*** Data ***

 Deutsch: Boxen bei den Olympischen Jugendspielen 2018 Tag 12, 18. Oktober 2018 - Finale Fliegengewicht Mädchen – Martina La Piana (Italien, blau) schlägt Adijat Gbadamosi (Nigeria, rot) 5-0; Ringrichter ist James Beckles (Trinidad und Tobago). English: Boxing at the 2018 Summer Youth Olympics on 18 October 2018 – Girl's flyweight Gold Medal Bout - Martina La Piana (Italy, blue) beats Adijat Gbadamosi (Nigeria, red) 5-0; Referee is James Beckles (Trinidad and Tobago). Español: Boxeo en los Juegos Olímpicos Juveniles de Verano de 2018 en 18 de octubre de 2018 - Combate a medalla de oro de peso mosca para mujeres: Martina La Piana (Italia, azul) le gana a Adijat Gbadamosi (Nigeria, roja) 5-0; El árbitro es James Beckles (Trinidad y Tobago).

***
*** Data ***

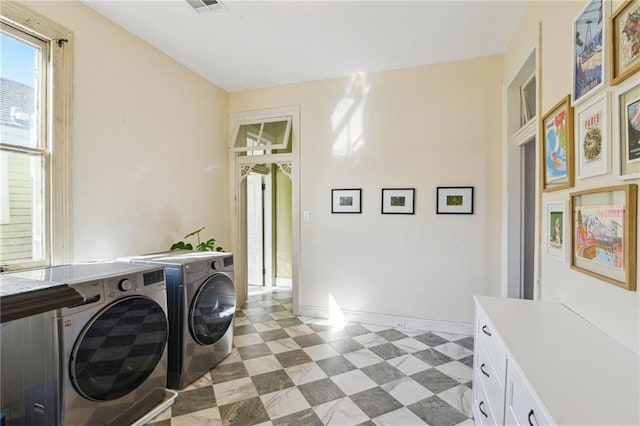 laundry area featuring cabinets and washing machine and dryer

***
*** Data ***

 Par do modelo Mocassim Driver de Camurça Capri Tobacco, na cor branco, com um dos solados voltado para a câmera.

***

Go through the data line by line and say how many lines contain "para". Give the number alone.

## Task result
2